我呢,我今天頂着毒辣的日頭去拜謁三蘇墳又是爲何?也許也是在尋找一個希望,一個不同與金錢,不同與物質的希望!我心裏清楚,此去未必真有所得,卻非去不可!

“四海五大家無左無右無前;一門三學士如天如日如月。”我拾級進了三蘇園。

三蘇園,內容遠遠比我想象的要翔實的多。中間是介紹三蘇父子的三間八角古房,三間房子構成“回”字型,中間爲蘇軾,左蘇洵,右爲蘇轍。

中國人貶低讀書人總是用那麼幾個貧瘠的詞句,“手無縛雞之力”,“百病書生”等等。

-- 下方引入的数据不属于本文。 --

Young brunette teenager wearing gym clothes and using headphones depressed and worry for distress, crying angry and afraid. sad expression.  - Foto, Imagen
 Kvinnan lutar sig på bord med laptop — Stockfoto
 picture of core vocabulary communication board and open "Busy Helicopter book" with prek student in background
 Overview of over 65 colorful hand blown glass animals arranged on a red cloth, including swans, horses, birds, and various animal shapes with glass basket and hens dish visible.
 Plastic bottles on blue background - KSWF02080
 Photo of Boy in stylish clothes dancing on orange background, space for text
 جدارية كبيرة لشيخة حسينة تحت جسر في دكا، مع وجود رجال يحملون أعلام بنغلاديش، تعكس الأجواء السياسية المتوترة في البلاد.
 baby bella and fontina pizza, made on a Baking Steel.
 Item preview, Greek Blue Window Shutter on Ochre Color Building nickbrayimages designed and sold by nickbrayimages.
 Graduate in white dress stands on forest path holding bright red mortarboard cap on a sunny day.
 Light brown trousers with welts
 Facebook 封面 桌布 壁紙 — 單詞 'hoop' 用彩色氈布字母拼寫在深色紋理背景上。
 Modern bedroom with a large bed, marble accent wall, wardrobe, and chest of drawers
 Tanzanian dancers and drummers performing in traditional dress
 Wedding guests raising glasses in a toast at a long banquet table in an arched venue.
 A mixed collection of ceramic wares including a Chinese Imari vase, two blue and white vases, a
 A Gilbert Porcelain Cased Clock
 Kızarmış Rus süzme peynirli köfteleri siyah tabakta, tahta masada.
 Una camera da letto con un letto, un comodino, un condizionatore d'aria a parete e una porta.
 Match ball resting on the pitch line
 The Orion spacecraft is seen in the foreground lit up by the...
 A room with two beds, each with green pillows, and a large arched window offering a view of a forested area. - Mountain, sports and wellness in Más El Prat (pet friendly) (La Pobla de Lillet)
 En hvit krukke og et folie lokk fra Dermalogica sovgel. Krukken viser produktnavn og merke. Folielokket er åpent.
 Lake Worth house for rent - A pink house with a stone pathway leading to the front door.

蘇軾作爲一代文豪,作爲文起八代之衰的散文帶頭人之一,傳統觀念上他應該也是文弱的。事實上,我們再一次被自己的自以爲是欺騙了,到了蘇軾展廳,首先映入眼瞼的是十八個透明玻璃罩,玻璃罩下,有一處是一抔土,其它的要麼是沙礫,要麼是從石頭上敲打下來的殘石塊。

我正爲此不解,看到下面的註釋上寫着,“此土皆來自蘇軾所到之地”,我立刻陷入了沉思,是呀,就我讀到的史學而言,蘇軾一生被貶十八個地方之多。那最爲柔軟的一處應該是來自杭州的西湖吧“欲把西湖比西子,淡妝濃抹總相宜”,這時候的蘇軾應該是柔軟的,多情的;這樣說來,那玻璃罩着的`幾塊石頭定是來自密州了“老夫聊發少年狂,左牽黃,右擎蒼”何等的氣魄雄混。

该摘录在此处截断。